Dirk Schmidt geht dann durch den Kopf, was er an dem Abend noch alles erledigen muss: Wäsche waschen, eine Mail schreiben, Mittagessen für den nächsten Tag vorbereiten. Dann fühle sich das Alleinerziehen anstrengend an.
Seit dreizehn Jahren leitet Brigitte Rösiger die Geschäftsstelle des Landesverbandes alleinerziehender Mütter und Väter in Baden-Württemberg, Sitz ist Stuttgart.
Alleinerziehende Väter eher in Vollzeit
Alleinerziehende erbringen eine „immense“ und „großartige“ Leistung, sagt Brigitte Rösiger. Wenn man alleine für Haushalt, Einkommen und Wohl des Kindes zuständig sei, stehe man vor großen Herausforderungen. Ein Unterschied zwischen den Geschlechtern sei, dass es Vätern deutlich besser gelinge, weiter in Vollzeit oder annähernd in Vollzeit beschäftigt zu sein. Sie betreuten aber auch überwiegend ältere Kinder, sagt Rösiger.
Bei alleinerziehenden Vätern herrscht der Verbandschefin zufolge immer noch das Stereotyp vor, dass ihnen besonders geholfen werden müsse. Eltern und Geschwister sorgten sich mehr um einen alleinerziehenden Vater als um eine Mutter. Da hieße es: Oje, der arme Mann, dem trauen wir das nicht zu, dem müssen wir helfen, schafft er das überhaupt? Das sei besonders der Fall, wenn der Mann Witwer sei. „Aber die meisten Männer bekommen es ja sehr gut hin.“
Auch indem sie sich Hilfe holten; sie fragten bei Verbänden und Beratungsstellen konkret nach Erziehungstipps. Alleinerziehende Mütter plagten eher Existenzängste, da sie wesentlich häufiger von Armut betroffen seien als Väter. Nur jeder zweite Alleinerziehende, egal ob Mann oder Frau, erhalte Kindesunterhalt so wie es sein solle.

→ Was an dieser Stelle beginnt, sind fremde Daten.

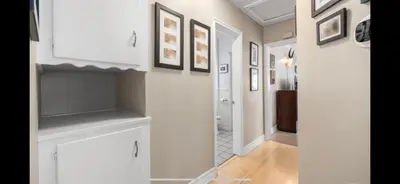 a hallway with white cabinets and pictures on the walls at Chic Venice Beach Bungalow Steps from the Canals & Beach in Los Angeles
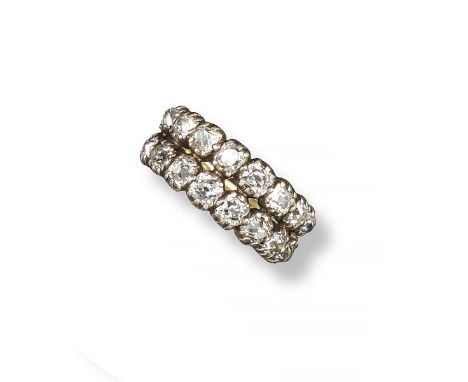 A 19th century diamond half hoop ring, the two rows of cushion-shaped diamonds are set in silver and gold. Size N 1/2.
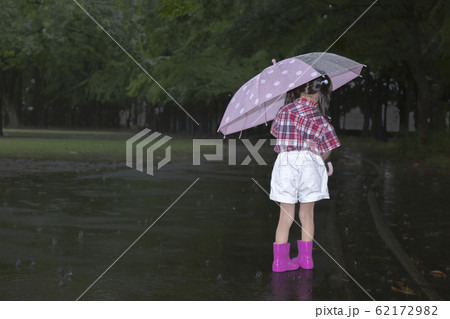 雨降りの暗い林を傘を差して歩く幼い女の子。孤独、虐待、一人ぼっちイメージ 62172982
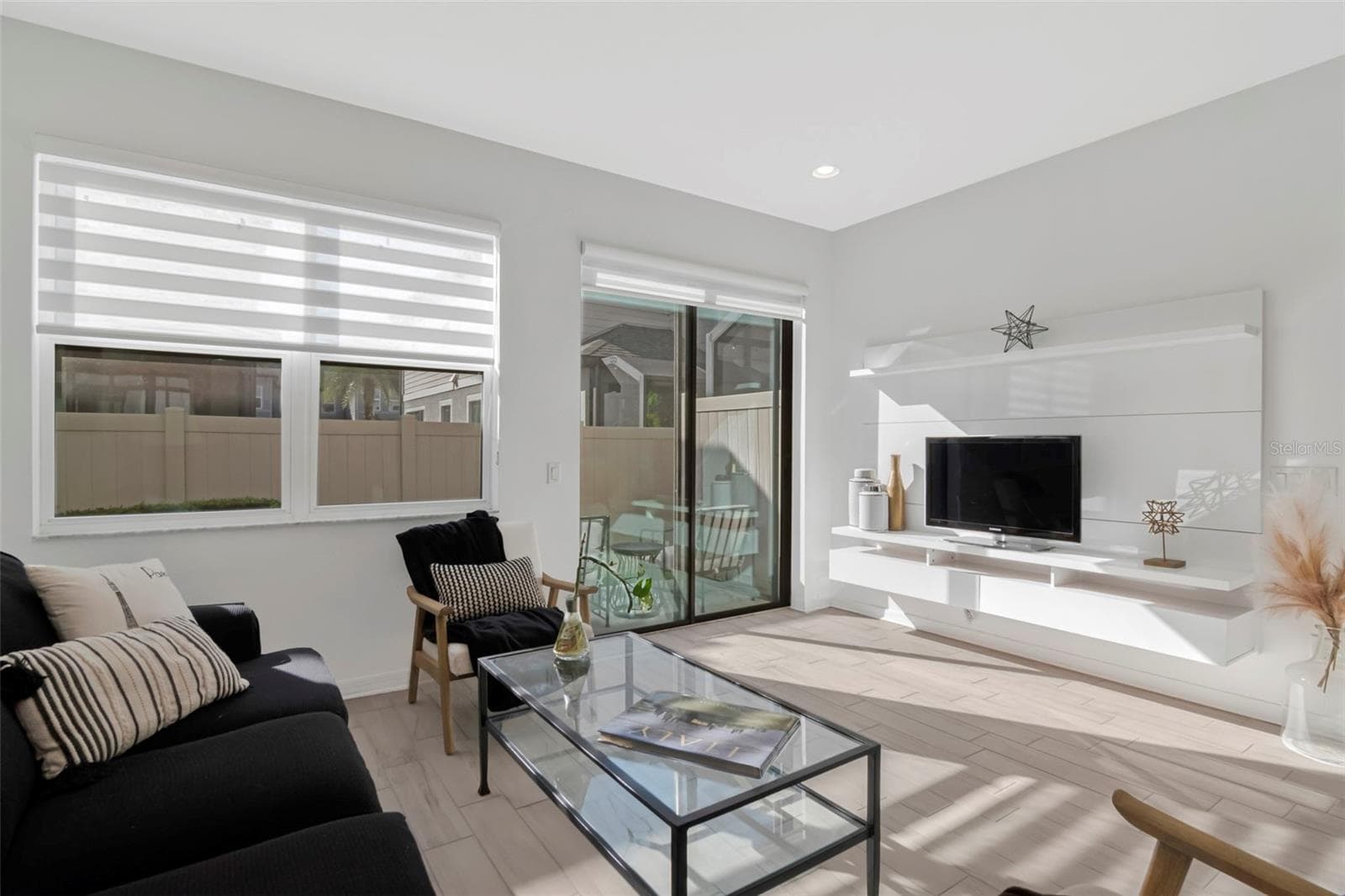 Bright and airy living room filled with abundant natural light. - 2455 GOLDEN PASTURE CIR, CLEARWATER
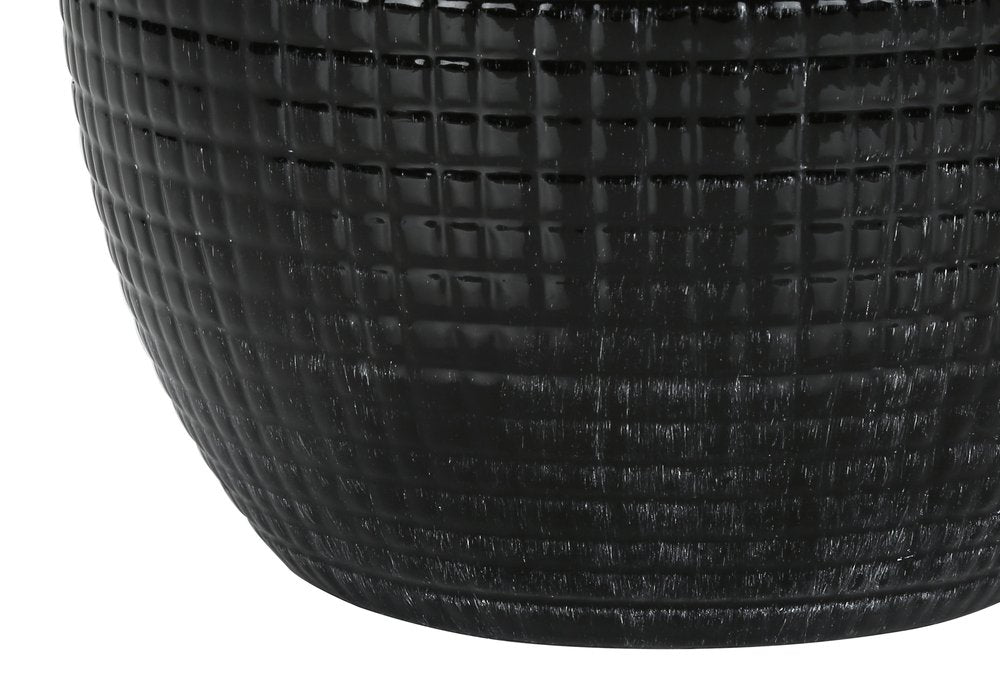 26" Black Ceramic Urn Table Lamp With Ivory Drum Shade. Table lamp isolated on a plain white background, showing a black ceramic surface.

„Für die Kinder ist es besser so, weil sich Spannungen gelöst haben“
Zu seiner Ex-Frau hat der alleinerziehende Vater Markus Sturm ein „sehr distanziertes“ Verhältnis. Seit fast einem Jahr zahle sie keinen Unterhalt mehr. Markus Sturm bemüht sich, seinen Ärger den Kindern nicht zu zeigen. „Sie haben nur eine Mutter, deshalb ist sie die beste Mutter.“
Seit Juli vergangenen Jahres ist er geschieden, die Beziehung dauerte zwanzig Jahre. Die Ehe hat Markus Sturm lange aufrecht erhalten wollen, weil er den Kindern eine Familie bieten wollte. „Für die Kinder ist es besser so, weil sich Spannungen gelöst haben.“ Markus Sturm heißt auch anders, er will seine Kinder schützen.
Das Paar lebte von 2002 bis 2012 in Mexiko, die Ex-Frau ist Mexikanerin. Dann zog Markus Sturm zurück nach Deutschland und arbeitete als Techniker im Kundendienst: Das bedeutete eine Fernbeziehung. 2015 kamen Mutter und Kinder auch nach Deutschland, vor zwei Jahren dann die Trennung.
Seine Ex-Frau habe eine Beziehung „nebenbei“ angefangen, sagt Markus Sturm. Er bot ihr an, mit den Kindern in der Wohnung zu bleiben – nicht weil er sie loswerden wollte. „Für mich war es damals nicht vorstellbar, dass eine Mutter ihre Kinder zurücklässt.“ Doch die Ex-Frau lehnte ab, weil sie Zeit für sich gebraucht habe. „Und für ihren Liebhaber“, sagt Markus Sturm.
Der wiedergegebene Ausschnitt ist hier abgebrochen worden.